1. Tree equivalencies. Currently, /contend/ /content/ /resend/ /resent/
produces (?:conten[dt]|resend[dt]) but it is possible to produce
(?:cont|res)en[dt] if one can spot the common tail nodes (and walk back
the equivalent paths).

2. Investigate how (?>foo) works. Can it be applied?

5. How can a tracked pattern be serialised? (Add freeze and thaw methods).

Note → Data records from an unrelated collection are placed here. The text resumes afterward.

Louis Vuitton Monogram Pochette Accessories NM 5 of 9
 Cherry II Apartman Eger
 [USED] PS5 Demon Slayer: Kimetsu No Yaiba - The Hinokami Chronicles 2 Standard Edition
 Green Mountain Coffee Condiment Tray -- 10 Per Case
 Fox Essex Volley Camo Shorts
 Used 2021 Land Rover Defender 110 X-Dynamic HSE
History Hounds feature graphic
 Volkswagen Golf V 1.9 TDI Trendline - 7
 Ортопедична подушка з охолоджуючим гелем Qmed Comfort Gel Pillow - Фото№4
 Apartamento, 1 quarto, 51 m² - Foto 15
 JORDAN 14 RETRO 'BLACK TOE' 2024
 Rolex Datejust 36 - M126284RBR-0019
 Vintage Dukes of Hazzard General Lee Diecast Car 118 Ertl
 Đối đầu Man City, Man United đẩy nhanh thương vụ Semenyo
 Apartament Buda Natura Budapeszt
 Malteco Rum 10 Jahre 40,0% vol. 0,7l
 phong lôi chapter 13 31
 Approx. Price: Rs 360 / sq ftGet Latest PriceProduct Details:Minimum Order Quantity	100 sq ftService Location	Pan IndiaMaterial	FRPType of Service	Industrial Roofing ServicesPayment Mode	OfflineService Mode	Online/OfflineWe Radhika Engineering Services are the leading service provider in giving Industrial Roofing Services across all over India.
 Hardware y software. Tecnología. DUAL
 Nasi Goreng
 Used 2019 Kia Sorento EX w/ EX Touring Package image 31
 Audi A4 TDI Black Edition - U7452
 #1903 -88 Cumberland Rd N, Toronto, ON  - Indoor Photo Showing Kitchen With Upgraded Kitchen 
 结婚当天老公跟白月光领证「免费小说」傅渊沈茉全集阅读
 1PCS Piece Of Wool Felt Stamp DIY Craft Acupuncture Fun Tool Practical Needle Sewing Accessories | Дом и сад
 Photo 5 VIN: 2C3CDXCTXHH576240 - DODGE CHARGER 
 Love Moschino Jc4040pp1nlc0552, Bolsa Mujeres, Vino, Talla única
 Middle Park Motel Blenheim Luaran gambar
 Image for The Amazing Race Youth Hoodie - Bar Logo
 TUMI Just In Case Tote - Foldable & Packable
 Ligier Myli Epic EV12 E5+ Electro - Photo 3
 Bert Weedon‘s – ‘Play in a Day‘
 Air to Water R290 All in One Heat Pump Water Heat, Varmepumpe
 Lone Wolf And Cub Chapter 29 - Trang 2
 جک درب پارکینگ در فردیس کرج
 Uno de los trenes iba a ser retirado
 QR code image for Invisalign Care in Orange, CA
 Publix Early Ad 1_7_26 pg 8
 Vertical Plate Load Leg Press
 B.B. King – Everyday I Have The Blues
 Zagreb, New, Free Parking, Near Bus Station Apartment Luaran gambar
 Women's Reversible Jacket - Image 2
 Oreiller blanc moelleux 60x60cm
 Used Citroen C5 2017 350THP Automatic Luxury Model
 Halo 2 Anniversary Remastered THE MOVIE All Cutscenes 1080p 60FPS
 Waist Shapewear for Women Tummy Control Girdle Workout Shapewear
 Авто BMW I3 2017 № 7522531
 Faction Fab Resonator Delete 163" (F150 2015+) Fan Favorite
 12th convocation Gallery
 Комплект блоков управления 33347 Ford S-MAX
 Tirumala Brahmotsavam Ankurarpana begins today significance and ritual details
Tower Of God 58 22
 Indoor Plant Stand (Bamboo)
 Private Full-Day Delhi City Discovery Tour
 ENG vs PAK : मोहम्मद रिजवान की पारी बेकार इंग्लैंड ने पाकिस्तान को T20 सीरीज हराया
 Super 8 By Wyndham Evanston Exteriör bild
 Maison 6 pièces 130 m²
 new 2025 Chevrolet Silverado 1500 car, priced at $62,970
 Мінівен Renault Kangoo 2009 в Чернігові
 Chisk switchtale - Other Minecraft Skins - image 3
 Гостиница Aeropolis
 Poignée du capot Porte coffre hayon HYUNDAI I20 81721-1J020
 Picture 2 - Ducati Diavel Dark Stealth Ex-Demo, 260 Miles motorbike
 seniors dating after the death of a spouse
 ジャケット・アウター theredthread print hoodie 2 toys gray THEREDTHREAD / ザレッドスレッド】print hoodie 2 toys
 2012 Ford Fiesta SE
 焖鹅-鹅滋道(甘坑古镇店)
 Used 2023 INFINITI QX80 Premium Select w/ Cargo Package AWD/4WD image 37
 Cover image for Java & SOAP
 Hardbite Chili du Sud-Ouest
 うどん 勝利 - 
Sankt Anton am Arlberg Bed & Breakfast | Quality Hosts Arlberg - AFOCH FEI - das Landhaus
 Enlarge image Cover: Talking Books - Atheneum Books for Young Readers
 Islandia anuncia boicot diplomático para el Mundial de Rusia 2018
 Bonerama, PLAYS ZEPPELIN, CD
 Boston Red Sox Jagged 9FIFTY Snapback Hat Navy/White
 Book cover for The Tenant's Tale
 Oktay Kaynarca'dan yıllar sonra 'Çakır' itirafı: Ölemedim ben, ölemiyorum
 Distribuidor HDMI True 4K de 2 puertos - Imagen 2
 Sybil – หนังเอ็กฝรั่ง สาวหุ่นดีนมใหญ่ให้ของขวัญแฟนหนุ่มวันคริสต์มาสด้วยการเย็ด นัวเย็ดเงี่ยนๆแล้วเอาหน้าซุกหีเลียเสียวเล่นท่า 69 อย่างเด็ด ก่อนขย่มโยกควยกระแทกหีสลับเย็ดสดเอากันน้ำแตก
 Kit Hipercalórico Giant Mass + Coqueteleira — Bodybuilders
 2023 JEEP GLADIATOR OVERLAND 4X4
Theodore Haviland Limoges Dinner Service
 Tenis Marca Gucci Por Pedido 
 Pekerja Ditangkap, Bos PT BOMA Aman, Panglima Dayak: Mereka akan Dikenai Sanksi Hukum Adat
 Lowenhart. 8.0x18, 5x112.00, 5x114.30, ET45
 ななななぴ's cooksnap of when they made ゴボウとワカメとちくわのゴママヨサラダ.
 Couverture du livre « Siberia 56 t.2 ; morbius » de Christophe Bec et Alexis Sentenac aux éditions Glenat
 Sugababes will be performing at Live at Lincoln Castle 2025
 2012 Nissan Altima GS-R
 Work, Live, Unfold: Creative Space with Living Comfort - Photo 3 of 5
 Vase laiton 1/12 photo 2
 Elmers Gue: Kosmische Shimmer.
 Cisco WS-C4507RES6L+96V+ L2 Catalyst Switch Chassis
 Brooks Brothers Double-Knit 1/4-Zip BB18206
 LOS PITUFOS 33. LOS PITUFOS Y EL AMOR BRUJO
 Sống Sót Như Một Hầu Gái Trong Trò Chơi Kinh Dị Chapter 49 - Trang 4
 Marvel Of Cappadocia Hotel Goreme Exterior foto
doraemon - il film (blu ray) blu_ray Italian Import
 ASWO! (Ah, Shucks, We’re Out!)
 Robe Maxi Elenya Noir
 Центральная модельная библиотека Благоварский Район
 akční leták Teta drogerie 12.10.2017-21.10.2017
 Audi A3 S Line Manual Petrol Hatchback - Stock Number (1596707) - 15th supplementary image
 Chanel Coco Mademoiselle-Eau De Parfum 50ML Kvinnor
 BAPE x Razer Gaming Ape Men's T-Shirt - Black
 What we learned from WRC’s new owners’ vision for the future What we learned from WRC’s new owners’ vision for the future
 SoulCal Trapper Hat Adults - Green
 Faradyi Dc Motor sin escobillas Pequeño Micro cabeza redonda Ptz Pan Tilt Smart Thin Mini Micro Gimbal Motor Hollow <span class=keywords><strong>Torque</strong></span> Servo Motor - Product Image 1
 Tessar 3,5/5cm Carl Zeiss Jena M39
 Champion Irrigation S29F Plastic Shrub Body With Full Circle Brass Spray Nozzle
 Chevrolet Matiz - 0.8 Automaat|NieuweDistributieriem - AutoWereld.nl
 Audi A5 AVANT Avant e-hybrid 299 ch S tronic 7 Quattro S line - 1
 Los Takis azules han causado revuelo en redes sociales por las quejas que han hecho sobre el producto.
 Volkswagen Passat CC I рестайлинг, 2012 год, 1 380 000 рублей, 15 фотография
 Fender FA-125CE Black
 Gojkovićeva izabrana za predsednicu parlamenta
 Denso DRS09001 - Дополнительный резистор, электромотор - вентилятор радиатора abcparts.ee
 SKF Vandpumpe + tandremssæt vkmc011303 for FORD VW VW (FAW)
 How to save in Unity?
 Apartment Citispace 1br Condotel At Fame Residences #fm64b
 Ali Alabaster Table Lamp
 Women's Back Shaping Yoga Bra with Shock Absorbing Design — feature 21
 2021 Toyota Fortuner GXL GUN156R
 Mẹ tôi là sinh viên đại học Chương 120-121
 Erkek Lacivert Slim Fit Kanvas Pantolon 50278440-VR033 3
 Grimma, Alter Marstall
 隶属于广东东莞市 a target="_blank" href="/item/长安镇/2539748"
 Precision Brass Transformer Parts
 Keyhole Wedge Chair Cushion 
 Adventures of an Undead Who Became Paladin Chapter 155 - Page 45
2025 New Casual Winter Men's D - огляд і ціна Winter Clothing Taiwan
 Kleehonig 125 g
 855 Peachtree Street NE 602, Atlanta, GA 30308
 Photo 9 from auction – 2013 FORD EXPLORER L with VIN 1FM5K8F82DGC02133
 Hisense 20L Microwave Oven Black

6. Store callbacks per tracked pattern.

7. Deal with [:punct:] character classes

8. saw this foo(?:\.|-)bar but the test checks out ok

11. is eg/assemble-check obsolete?

12. utf-8... hmmmm...

13. Consider the following:

    $ eg/assemble -d2
    sing
    singing
    sting
    path 0 in [s {i=>[i n g {* i=>[i n g]}] t=>[t i n g]}]
     node 1 in {i=>[i n g {* i=>[i n g]}] t=>[t i n g]} opt=0
      | off=-1
      | path=(g:[n i t])
      | counts: reduce=1 fail=0
      | off=3
       node 3 in {i=>[i n g]} opt=1
       | fast fail {* i=>[i n g]}
      | +failed i
      | counts: reduce=1 fail=1
     : node scan complete opt=0 reduce={g=>[[g n i t]]} fail=[[i n g {* i=>[i n g]}]]
     | -simple opt=0 unrev [g n i t]
      _unrev path fast [g n i t] -> [t i n g]
     | +fail [i n g {* i=>[i n g]}]
     node 1 out fail={i=>[i n g {* i=>[i n g]}] t=>[t i n g]}
    | head=[] tail={i=>[i n g {* i=>[i n g]}] t=>[t i n g]}
    | unshift s
    path 0 out head=[] tail=[s {i=>[i n g {* i=>[i n g]}] t=>[t i n g]}]
    final head=[] tail=[s {i=>[i n g {* i=>[i n g]}] t=>[t i n g]}]
    final path=[s {i=>[i n g {* i=>[i n g]}] t=>[t i n g]}]
    /s(?:ing(?:ing)?|ting)/

    In other words, there is scope for a further approach to tail-sliding.